Grant

Mentoring and Career Development: 2020 Farrell and Riedy

Farrell will use this award to build her capacity for one-on-one mentoring and to develop a set of intentional mentoring strategies for supporting junior scholars of color.

As Director of the National Center for Research in Policy and Practice (NCRPP), Caitlin Farrell has mentored a dozen post-doctoral fellows, graduate students, and undergraduate students. She has also led a bi-weekly qualitative research group that has supported the mentorship of graduate students and postdoctoral fellows involved in NCRPP projects. In these group settings, Farrell has addressed issues related to equity, voice, and privilege for junior scholars of color and female students of color, and, as a White woman, she recognizes how her race has provided her power and privilege in the academy and in general. With this grant, Farrell seeks to build her capacity for one-on-one mentoring and to develop a set of mentoring strategies supporting junior scholars of color that are: 1) driven by students’ voices, choices, and career goals, 2) intentional and proactive rather than reactive to specific situations, and 3) conducive to deeper self-reflection of how aspects of her own identity contribute to power and privilege in academic settings. The grant will support her mentee, Robbin Riedy, a Black Ph.D. candidate in Learning Sciences and Human Development at the University of Colorado Boulder. Riedy’s research focuses broadly on promoting thriving and healthy communities through inclusive, equity-centered research-practice partnerships.
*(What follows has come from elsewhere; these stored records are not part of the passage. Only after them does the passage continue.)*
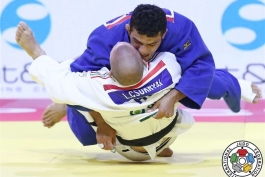 جودو-مسابقات جهانی جودو-گراندسلم پاریس-judo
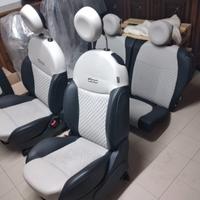 tapezzeria fiat 500 dolce vita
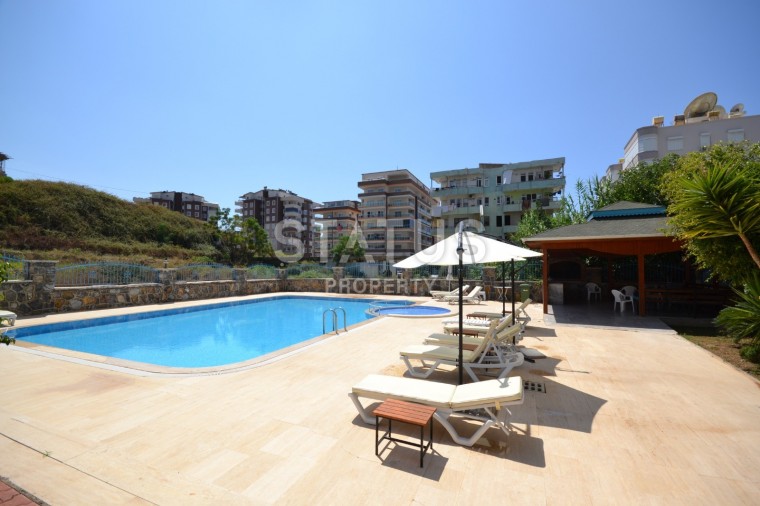 Просторные апартаменты 2+1 в комплексе с бассейном, 120 м2 фото 1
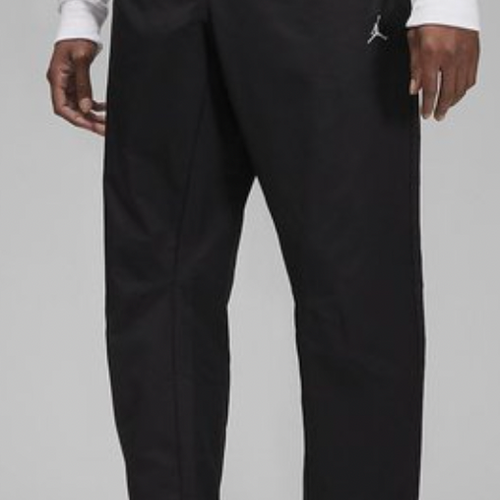Brand New Air Jordan 'Essential' Solid Black Versatile Pants XS NWT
She has three goals for this award: 1) to support research, writing, and publication related to assessing the relational health of RPPs; 2) to develop professional networks for a career path as a faculty member in a university setting who can bridge the fields of education and health; and 3) to build trust and develop an open, collaborative relationship with her mentor where they can raise and discuss issues of race, ethnicity, gender, and other dimensions of identity and how they are felt and experienced within academia.